Angst machen

Man darf wieder ohne triftigen Grund das Haus verlassen. Einfach so. Sozusagen mir nichts, dir nichts. Man braucht nicht mehr darüber nachzudenken, warum man ausgerechnet jetzt rausgehen wollte oder sollte. Man kann einfach losgehen. Zack, ist man draußen. Warum? Wozu? Wohin? Alles egal. Hauptsache raus. Wenn ich es mir genau überlege, bin ich auch früher keineswegs ohne triftigen Grund vor die Tür gegangen; wäre mir nicht eingefallen. Allerdings hätte ich ohne eine Erlaubnis gehen können. Jetzt habe ich sie, obwohl ich immer noch nicht grundlos rausgehe. Das erinnert mich ein bißchen an meine Bremsprobeberechtigung: eine Erlaubnis zu etwas, was man sowieso nicht macht. Dass so etwas überhaupt erlaubt werden kann, ist auch nicht ganz selbstverständlich. In der Deutschen Demokratischen Republik war es das schon, weil alles, was nicht ausdrücklich erlaubt wurde, eben verboten war. Das Verbotensein war sozusagen der Grundzustand allen Seins, aus dem ein Gegenstand durch das Erlaubtwerden hervortreten konnte. 

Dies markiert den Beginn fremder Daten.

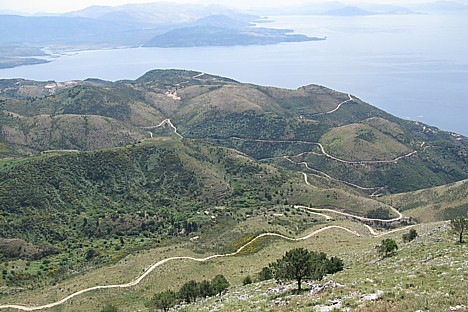 Skats no Korfu salas augstākās virsotnes –  Mono Pantokratoras (917 m) 23596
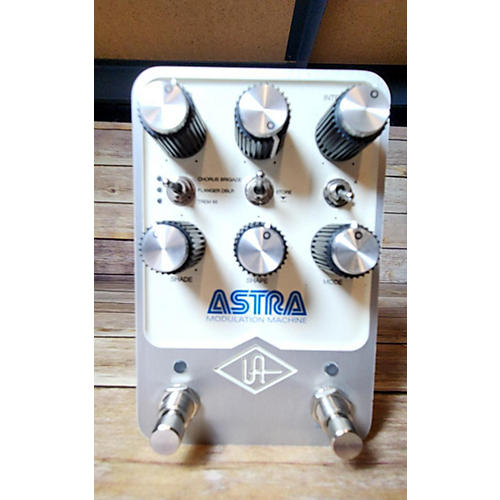 Universal Audio Astra Modulation Machine Effect Pedal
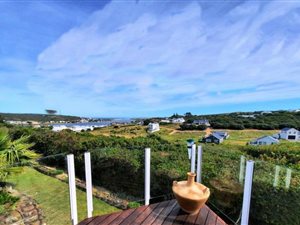 3 Bed Apartment in Stilbaai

In der Bundesrepublik Deutschland ist das jedenfalls nicht so gedacht, wobei sich in den ostdeutschen Landratsämtern die Institution des „Erlaubniswesens“ offenbar bis heute gehalten hat. Nun neigte ich schon früh der These zu, dass das gesamte allgemeine Unglück in der Welt zu großen Teilen daher rührt, dass viel zu viele Menschen viel zu oft ohne triftigen Grund ihre Häuser verlassen. Sie streunen tagsüber und nächtens ruhelos umher und verursachen dabei Emissionen aller Art, die dem Planeten ganz und gar nicht förderlich sind. Dagegen sind Tröpfchen und Aeorosole fast schon wieder vernachlässigbar: Lärm, Licht, Müll, Strahlung, Feinstaub, Abgase. Was ist damit? 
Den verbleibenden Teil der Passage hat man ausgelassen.